- **Task goal**: From the line that contains "900x293 Shiba Inu With Bone Drawing" to the final line of the records below, print each line exactly and leave every picture out.

- **Excerpts from a dataset**:
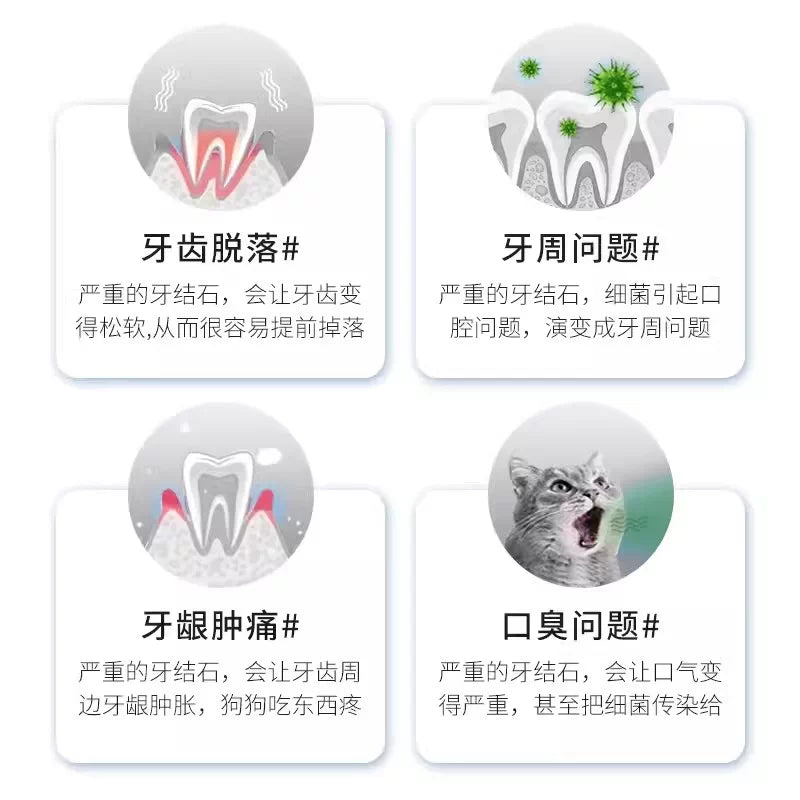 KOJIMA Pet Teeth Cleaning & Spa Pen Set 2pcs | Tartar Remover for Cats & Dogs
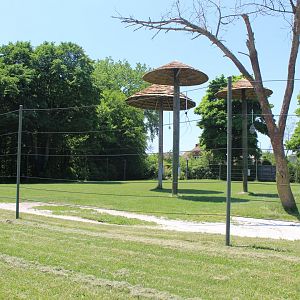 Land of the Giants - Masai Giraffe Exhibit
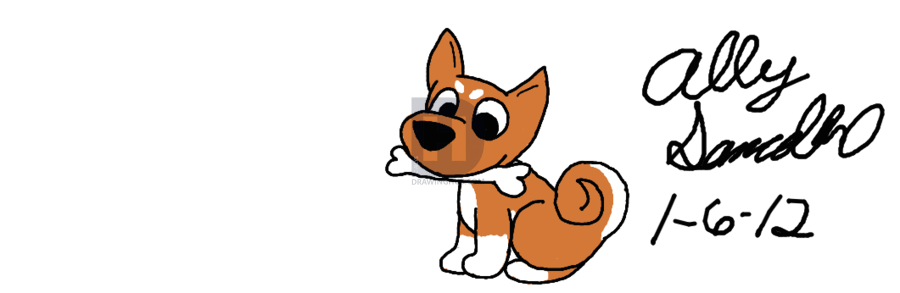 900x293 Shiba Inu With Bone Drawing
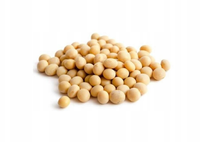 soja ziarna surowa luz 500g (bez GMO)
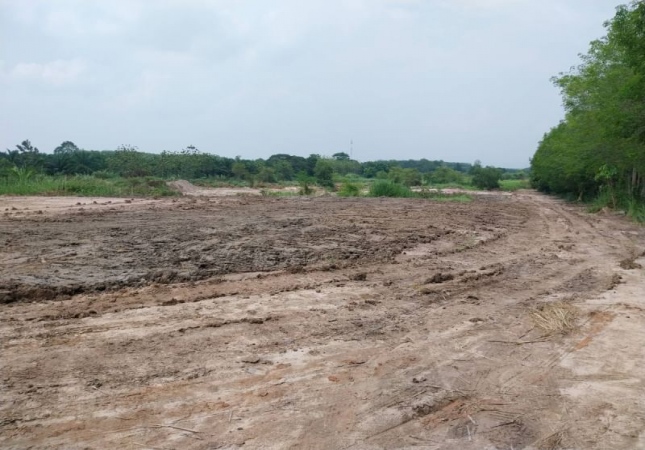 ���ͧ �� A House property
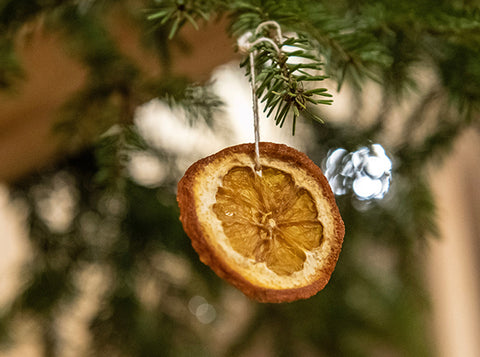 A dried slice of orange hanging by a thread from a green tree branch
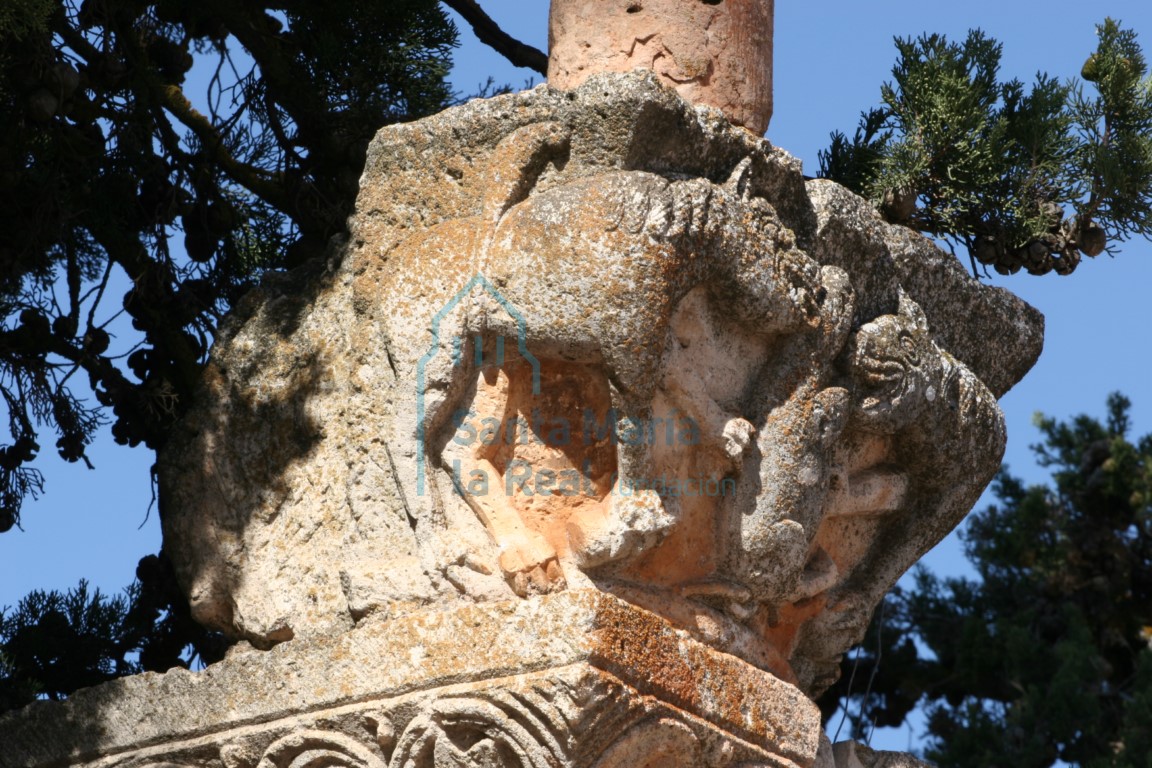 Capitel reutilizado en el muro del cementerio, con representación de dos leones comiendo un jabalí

- **Output of the task**:
 900x293 Shiba Inu With Bone Drawing
 soja ziarna surowa luz 500g (bez GMO)
 ���ͧ �� A House property
 A dried slice of orange hanging by a thread from a green tree branch
 Capitel reutilizado en el muro del cementerio, con representación de dos leones comiendo un jabalí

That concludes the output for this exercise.